Repeat the span of the entries below that starts at the line with "Cuidados com o solo" and ends at the line with "Set of 3 Fluted", nothing more. Skip the pictures.

## EXCERPTED RECORDS
= = = =

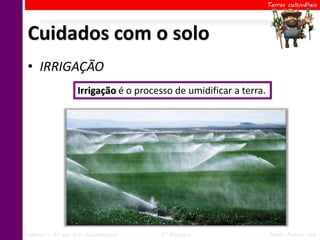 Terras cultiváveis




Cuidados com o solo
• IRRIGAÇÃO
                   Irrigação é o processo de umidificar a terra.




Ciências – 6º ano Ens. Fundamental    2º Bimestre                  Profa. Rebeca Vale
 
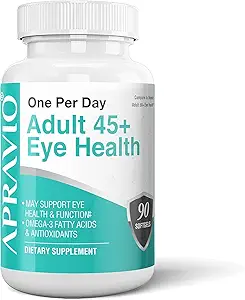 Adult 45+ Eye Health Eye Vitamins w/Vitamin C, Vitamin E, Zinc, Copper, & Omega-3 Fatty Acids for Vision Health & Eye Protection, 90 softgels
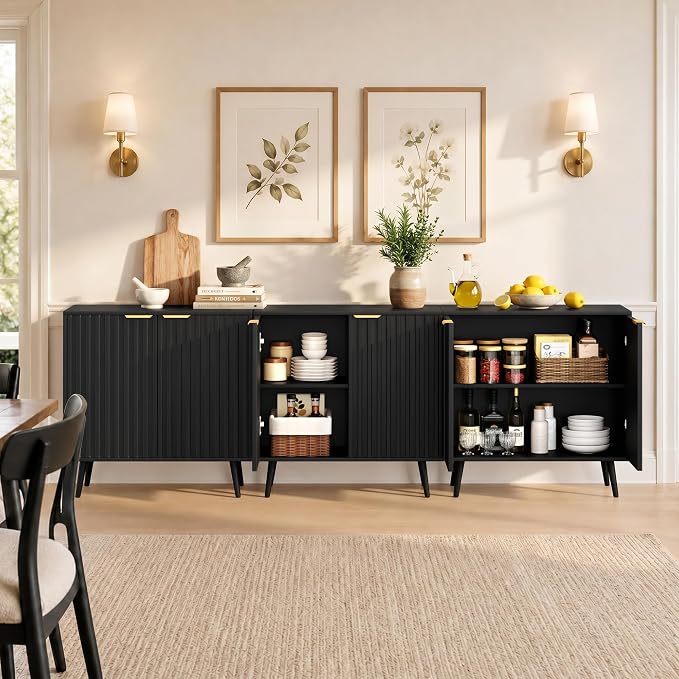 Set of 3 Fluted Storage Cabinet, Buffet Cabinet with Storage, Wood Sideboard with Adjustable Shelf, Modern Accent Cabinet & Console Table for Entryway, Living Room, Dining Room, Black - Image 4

= = = =

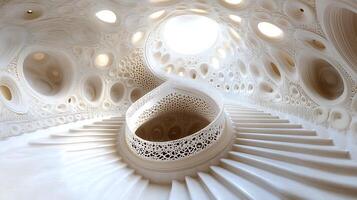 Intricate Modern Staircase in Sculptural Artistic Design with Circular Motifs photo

= = = =

## RESULT OF THIS TASK
Cuidados com o solo
• IRRIGAÇÃO
                   Irrigação é o processo de umidificar a terra.




Ciências – 6º ano Ens. Fundamental    2º Bimestre                  Profa. Rebeca Vale
 
 Adult 45+ Eye Health Eye Vitamins w/Vitamin C, Vitamin E, Zinc, Copper, & Omega-3 Fatty Acids for Vision Health & Eye Protection, 90 softgels
 Set of 3 Fluted Storage Cabinet, Buffet Cabinet with Storage, Wood Sideboard with Adjustable Shelf, Modern Accent Cabinet & Console Table for Entryway, Living Room, Dining Room, Black - Image 4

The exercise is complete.